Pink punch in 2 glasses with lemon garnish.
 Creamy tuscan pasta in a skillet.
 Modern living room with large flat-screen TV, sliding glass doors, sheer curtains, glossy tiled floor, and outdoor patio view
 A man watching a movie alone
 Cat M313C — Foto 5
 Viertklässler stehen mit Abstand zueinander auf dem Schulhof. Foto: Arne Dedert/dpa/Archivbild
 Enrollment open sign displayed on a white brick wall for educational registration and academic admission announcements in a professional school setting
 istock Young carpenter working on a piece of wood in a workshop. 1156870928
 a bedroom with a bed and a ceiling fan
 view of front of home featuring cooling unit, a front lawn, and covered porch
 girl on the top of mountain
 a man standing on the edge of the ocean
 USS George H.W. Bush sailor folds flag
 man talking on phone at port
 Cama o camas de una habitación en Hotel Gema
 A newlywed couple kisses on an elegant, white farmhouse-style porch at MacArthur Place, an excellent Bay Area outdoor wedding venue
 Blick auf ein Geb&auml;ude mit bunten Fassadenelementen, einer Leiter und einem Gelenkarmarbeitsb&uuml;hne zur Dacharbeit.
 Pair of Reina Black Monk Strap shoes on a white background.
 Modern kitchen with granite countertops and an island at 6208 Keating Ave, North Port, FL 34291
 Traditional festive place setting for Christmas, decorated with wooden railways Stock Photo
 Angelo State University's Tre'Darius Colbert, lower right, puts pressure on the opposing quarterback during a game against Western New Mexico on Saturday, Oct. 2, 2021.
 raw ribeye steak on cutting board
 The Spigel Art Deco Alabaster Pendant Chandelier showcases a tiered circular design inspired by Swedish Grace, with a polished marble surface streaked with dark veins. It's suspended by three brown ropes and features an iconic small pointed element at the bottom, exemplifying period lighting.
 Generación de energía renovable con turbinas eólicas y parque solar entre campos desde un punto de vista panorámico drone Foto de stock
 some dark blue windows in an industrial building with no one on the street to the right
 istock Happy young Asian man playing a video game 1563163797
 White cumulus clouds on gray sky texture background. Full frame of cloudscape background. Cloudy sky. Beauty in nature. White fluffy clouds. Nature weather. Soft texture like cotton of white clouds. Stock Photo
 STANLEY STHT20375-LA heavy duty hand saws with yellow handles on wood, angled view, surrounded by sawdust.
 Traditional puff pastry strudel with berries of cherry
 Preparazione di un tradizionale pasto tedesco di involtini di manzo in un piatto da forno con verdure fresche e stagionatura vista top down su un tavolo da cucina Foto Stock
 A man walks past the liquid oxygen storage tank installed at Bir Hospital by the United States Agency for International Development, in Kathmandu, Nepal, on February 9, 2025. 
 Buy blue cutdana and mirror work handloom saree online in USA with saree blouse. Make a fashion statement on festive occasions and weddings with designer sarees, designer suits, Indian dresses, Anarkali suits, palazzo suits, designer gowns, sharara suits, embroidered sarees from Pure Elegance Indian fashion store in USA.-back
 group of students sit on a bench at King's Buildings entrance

########

Repeat the records above exactly.

> WRITTEN ANSWER
Pink punch in 2 glasses with lemon garnish.
 Creamy tuscan pasta in a skillet.
 Modern living room with large flat-screen TV, sliding glass doors, sheer curtains, glossy tiled floor, and outdoor patio view
 A man watching a movie alone
 Cat M313C — Foto 5
 Viertklässler stehen mit Abstand zueinander auf dem Schulhof. Foto: Arne Dedert/dpa/Archivbild
 Enrollment open sign displayed on a white brick wall for educational registration and academic admission announcements in a professional school setting
 istock Young carpenter working on a piece of wood in a workshop. 1156870928
 a bedroom with a bed and a ceiling fan
 view of front of home featuring cooling unit, a front lawn, and covered porch
 girl on the top of mountain
 a man standing on the edge of the ocean
 USS George H.W. Bush sailor folds flag
 man talking on phone at port
 Cama o camas de una habitación en Hotel Gema
 A newlywed couple kisses on an elegant, white farmhouse-style porch at MacArthur Place, an excellent Bay Area outdoor wedding venue
 Blick auf ein Geb&auml;ude mit bunten Fassadenelementen, einer Leiter und einem Gelenkarmarbeitsb&uuml;hne zur Dacharbeit.
 Pair of Reina Black Monk Strap shoes on a white background.
 Modern kitchen with granite countertops and an island at 6208 Keating Ave, North Port, FL 34291
 Traditional festive place setting for Christmas, decorated with wooden railways Stock Photo
 Angelo State University's Tre'Darius Colbert, lower right, puts pressure on the opposing quarterback during a game against Western New Mexico on Saturday, Oct. 2, 2021.
 raw ribeye steak on cutting board
 The Spigel Art Deco Alabaster Pendant Chandelier showcases a tiered circular design inspired by Swedish Grace, with a polished marble surface streaked with dark veins. It's suspended by three brown ropes and features an iconic small pointed element at the bottom, exemplifying period lighting.
 Generación de energía renovable con turbinas eólicas y parque solar entre campos desde un punto de vista panorámico drone Foto de stock
 some dark blue windows in an industrial building with no one on the street to the right
 istock Happy young Asian man playing a video game 1563163797
 White cumulus clouds on gray sky texture background. Full frame of cloudscape background. Cloudy sky. Beauty in nature. White fluffy clouds. Nature weather. Soft texture like cotton of white clouds. Stock Photo
 STANLEY STHT20375-LA heavy duty hand saws with yellow handles on wood, angled view, surrounded by sawdust.
 Traditional puff pastry strudel with berries of cherry
 Preparazione di un tradizionale pasto tedesco di involtini di manzo in un piatto da forno con verdure fresche e stagionatura vista top down su un tavolo da cucina Foto Stock
 A man walks past the liquid oxygen storage tank installed at Bir Hospital by the United States Agency for International Development, in Kathmandu, Nepal, on February 9, 2025. 
 Buy blue cutdana and mirror work handloom saree online in USA with saree blouse. Make a fashion statement on festive occasions and weddings with designer sarees, designer suits, Indian dresses, Anarkali suits, palazzo suits, designer gowns, sharara suits, embroidered sarees from Pure Elegance Indian fashion store in USA.-back
 group of students sit on a bench at King's Buildings entrance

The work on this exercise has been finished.